Data shown →

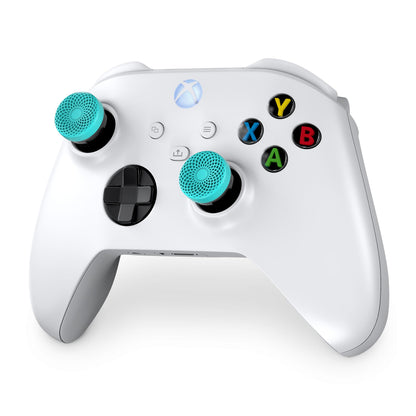 KontrolFreek Lotus for Xbox One and Xbox Series X Controller | Performance Thumbsticks | 2 Mid-Rise Concave | Teal/Clear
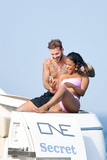 Christina Milian pokies in pink bikini on a boat in French Riviera - June 29,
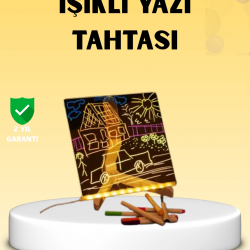 Mey İthalat® LED Işıklı Akrilik Yazı Tahtası Renkli Kalem Setiyle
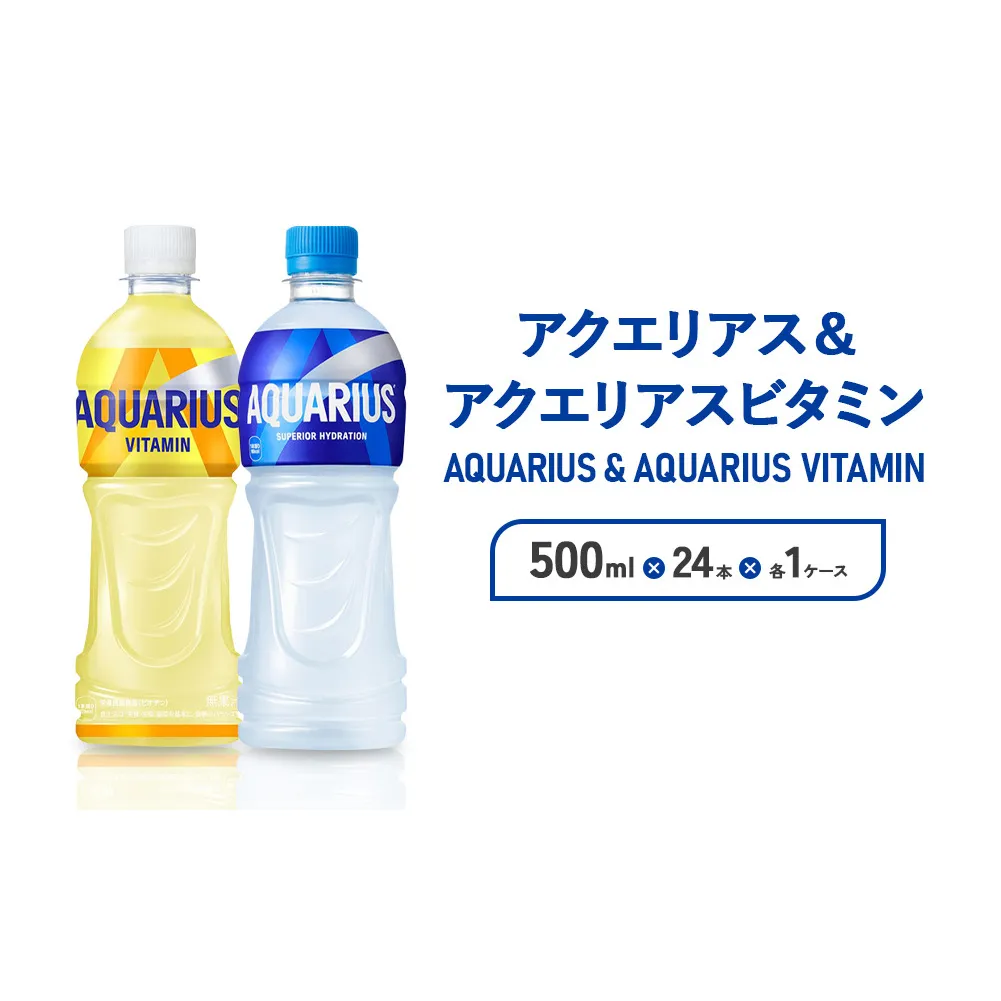 アクエリアス 1日分のマルチビタミン アクエリアス PET 500ml×24本×各1ケース セット 合計48本 2ケース【コカコーラ】水分補給 スポーツ飲料 清涼飲料水 常温 AQUARIUS コカ・コーラ 熱中症対策 送料無料 部活 少年団
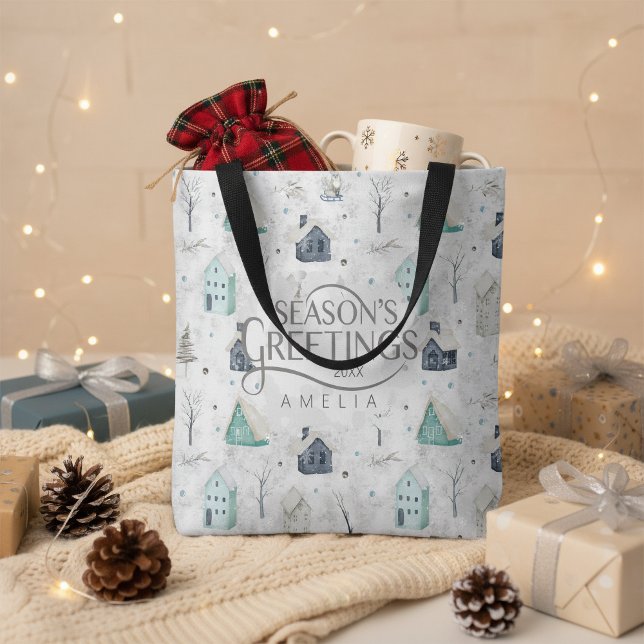 Cosy Home Christmas Teal ID985 Tote Bag (Creator Uploaded)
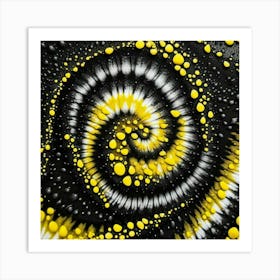 Yellow swirl with black Art Print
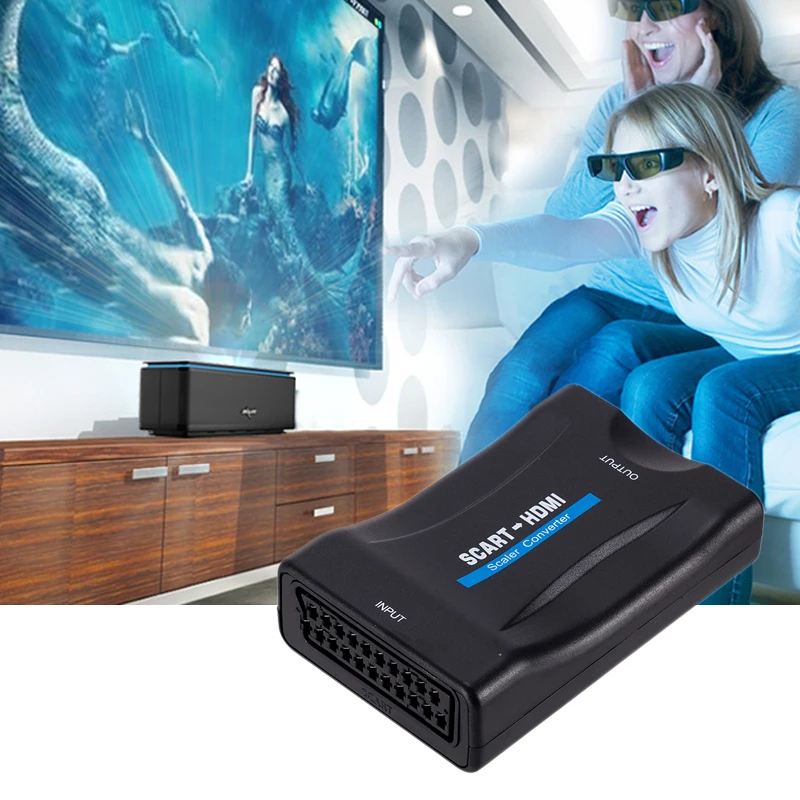 1080P SCART в HDMI конвертер видео аудио высококлассные сигнальные адаптеры-конвертеры с зарядным адаптером кабель для Sky Box DVD STB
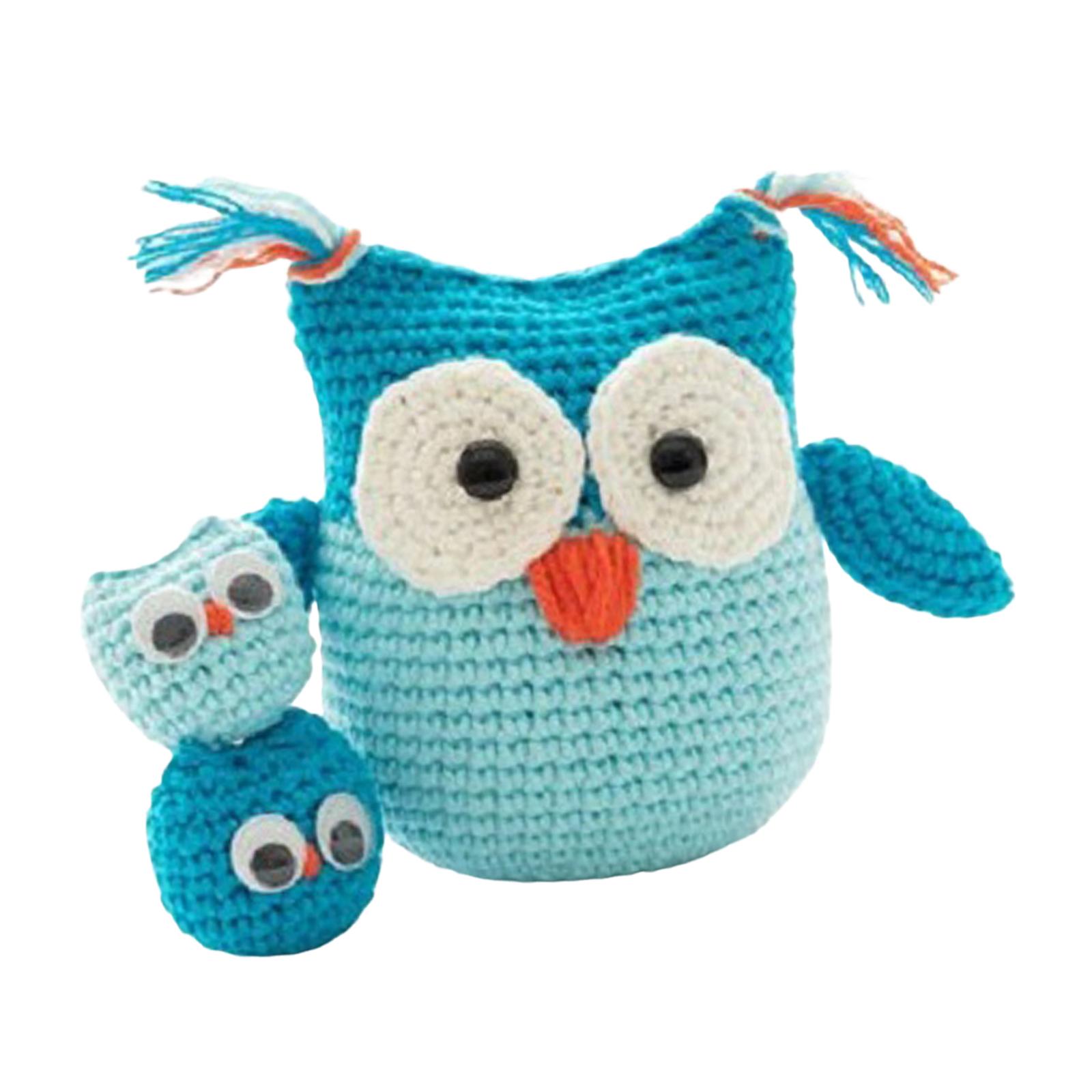 Magideal - Diy Muñeca De Ganchillo, Búho De Peluche De Ganchillo Diy, Artesanía Para Adolescentes Y Adultos, Incluye Tela De Relleno, Hilo, Marcador De Puntada, Azul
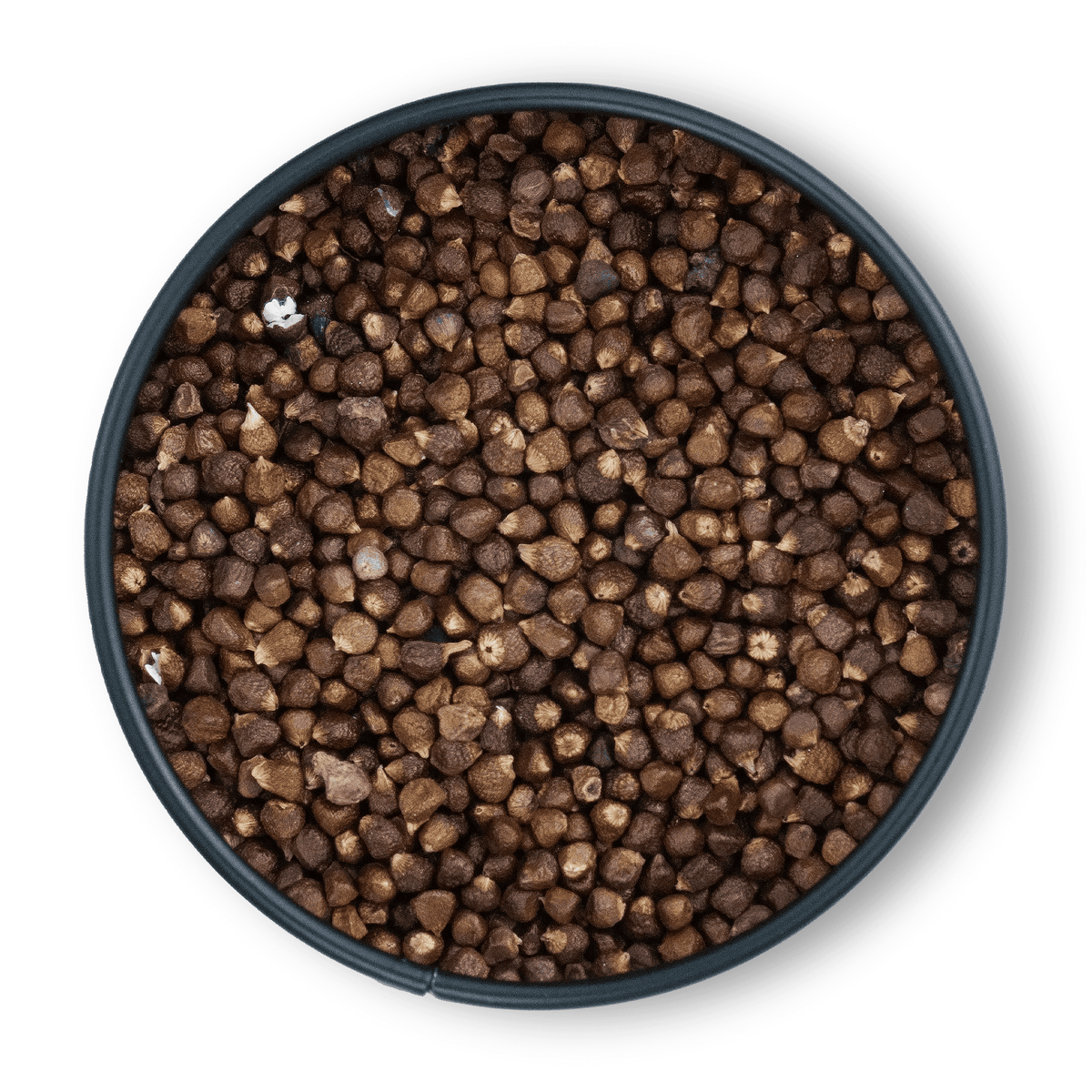 Runde Schale mit kleinen, braunen Paradieskörner-Trockenfutterstücken von oben auf weißem Hintergrund.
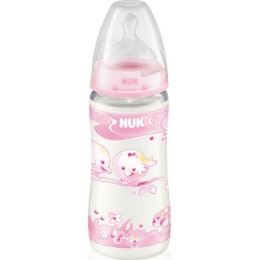 Nuk бутылочка "Baby rose", пластик 150 мл + соска с вентиляцией из силикона, размер 1 М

Problem →
Please copy every record above exactly, but leave the pictures out.

Exercise response →
 KontrolFreek Lotus for Xbox One and Xbox Series X Controller | Performance Thumbsticks | 2 Mid-Rise Concave | Teal/Clear
 Christina Milian pokies in pink bikini on a boat in French Riviera - June 29,
 Mey İthalat® LED Işıklı Akrilik Yazı Tahtası Renkli Kalem Setiyle
 アクエリアス 1日分のマルチビタミン アクエリアス PET 500ml×24本×各1ケース セット 合計48本 2ケース【コカコーラ】水分補給 スポーツ飲料 清涼飲料水 常温 AQUARIUS コカ・コーラ 熱中症対策 送料無料 部活 少年団
 Cosy Home Christmas Teal ID985 Tote Bag (Creator Uploaded)
 Yellow swirl with black Art Print
 1080P SCART в HDMI конвертер видео аудио высококлассные сигнальные адаптеры-конвертеры с зарядным адаптером кабель для Sky Box DVD STB
 Magideal - Diy Muñeca De Ganchillo, Búho De Peluche De Ganchillo Diy, Artesanía Para Adolescentes Y Adultos, Incluye Tela De Relleno, Hilo, Marcador De Puntada, Azul
 Runde Schale mit kleinen, braunen Paradieskörner-Trockenfutterstücken von oben auf weißem Hintergrund.
 Nuk бутылочка "Baby rose", пластик 150 мл + соска с вентиляцией из силикона, размер 1 М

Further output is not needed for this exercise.